§ Work instructions
Copy out each line of the entries below in which the string "barruan" appears.
++++ Data for analysis
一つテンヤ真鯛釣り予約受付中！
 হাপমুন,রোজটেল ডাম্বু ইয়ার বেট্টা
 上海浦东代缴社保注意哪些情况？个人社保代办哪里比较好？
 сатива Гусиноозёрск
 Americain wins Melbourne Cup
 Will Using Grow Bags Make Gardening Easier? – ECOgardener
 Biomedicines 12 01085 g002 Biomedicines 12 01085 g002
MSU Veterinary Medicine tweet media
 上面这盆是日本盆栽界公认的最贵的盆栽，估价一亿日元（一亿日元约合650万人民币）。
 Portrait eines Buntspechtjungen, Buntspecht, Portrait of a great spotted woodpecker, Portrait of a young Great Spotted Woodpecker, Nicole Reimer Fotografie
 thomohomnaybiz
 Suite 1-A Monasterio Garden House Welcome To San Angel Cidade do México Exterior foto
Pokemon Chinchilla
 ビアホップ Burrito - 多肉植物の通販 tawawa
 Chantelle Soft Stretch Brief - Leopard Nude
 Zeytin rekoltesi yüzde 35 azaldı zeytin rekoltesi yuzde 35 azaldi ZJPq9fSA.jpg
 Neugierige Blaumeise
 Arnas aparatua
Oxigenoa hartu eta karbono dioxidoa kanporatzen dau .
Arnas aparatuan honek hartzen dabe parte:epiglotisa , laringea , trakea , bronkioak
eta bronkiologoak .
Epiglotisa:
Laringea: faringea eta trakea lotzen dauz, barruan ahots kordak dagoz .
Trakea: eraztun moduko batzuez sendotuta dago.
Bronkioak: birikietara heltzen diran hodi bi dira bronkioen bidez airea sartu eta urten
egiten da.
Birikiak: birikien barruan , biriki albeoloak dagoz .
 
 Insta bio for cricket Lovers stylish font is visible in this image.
++++++++
§ Task answer
Laringea: faringea eta trakea lotzen dauz, barruan ahots kordak dagoz .
Birikiak: birikien barruan , biriki albeoloak dagoz .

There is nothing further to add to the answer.